Zinkeisen was born in Kilcreggan, Scotland, the daughter of Clare Bolton-Charles and Victor Zinkeisen, a shipper, manufacturer and yarn merchant. The family moved to Middlesex in England in 1909. Anna and her sister Doris were privately educated at home before they attended the Harrow School of Art from where they both won scholarships to the Royal Academy Schools. Anna studied sculpture at the Royal Academy Schools between 1916 and 1921, winning silver and bronze medals, and first exhibited at the Royal Academy in 1919. She received a commission for some plaques from the Wedgwood company and although these designs were awarded a silver medal at the Exposition des Art Decoratifs in Paris in 1925, Zinkeisen decided to specialise in portrait painting and mural work.

In 1935, Anna and Doris Zinkeisen were commissioned by the Clydebank shipbuilders John Brown and Company to paint murals on the ocean liner . Their work can still be seen, in the Verandah Grill room, on the ship now permanently moored in Long Beach, California. At this time Anna was also working on a number of illustrations for books and magazine covers as well as designing posters, such as Merry-go-round and Motor Cycle and Cycle Show, Olympia 5–10 November 1935 for London Transport. In 1940 both sisters also contributed murals to the liner .

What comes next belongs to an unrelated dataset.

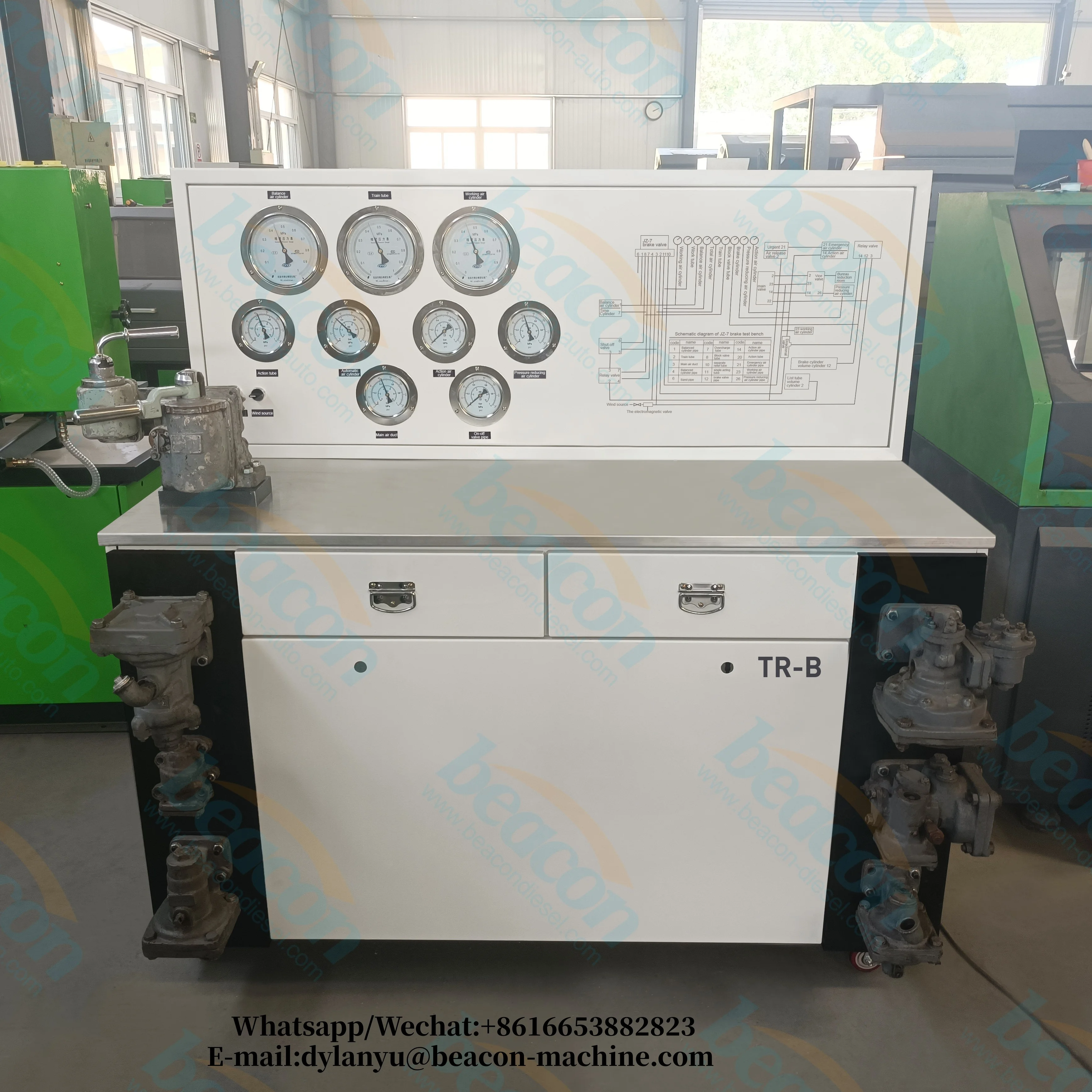 JZ-7 Railway Brake Valve Test Bench TR-B Full Pointer Gauge Train Brake Component Performance Testing Equipment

During World War II, Anna Zinkeisen worked as a Medical Artist and nursing auxiliary in the Order of St John at St. Mary's Hospital, Paddington. After completing a day's shift working on a ward as a casualty nurse, Zinkeisen would use a disused operating theatre as her studio to work on her paintings. During the conflict she painted scenes in the hospital and depictions of air-raid victims. She also made pathological drawings of war injuries for the Royal College of Surgeons. Her self-portrait and her painting of the plastic surgeon Sir Archibald McIndoe are both exhibited at the National Portrait Gallery (London). Among her other, later, portrait subjects were HRH Prince Philip, Sir Alexander Fleming and Lord Beaverbrook. Towards the end of the war London Underground commissioned Zinkeisen to produce a poster anticipating the end of the conflict. Her design showed a woman leading a family away from the war to sunlit fields over a quote from Winston Churchill.

In 1944, Anna and Doris Zinkeisen were commissioned by United Steel Companies (USC) to produce twelve paintings which were reproduced in the trade and technical press in Britain, Canada, Australia and South Africa. The images were subsequently collated in a book, This Present Age, published in 1946. Her work was also part of the painting event in the art competition at the 1948 Summer Olympics.

Anna Zinkeisen painted a mural, showing birds of the Bible (c. 1967), in memory of her husband Col. Guy Heseltine in St Botolph's church, Burgh, Suffolk. This mural had originally been intended as a memorial for the late King George VI (1895–1952) for the Royal Chapel at Windsor Great Park commissioned in 1962, but cancelled in 1964.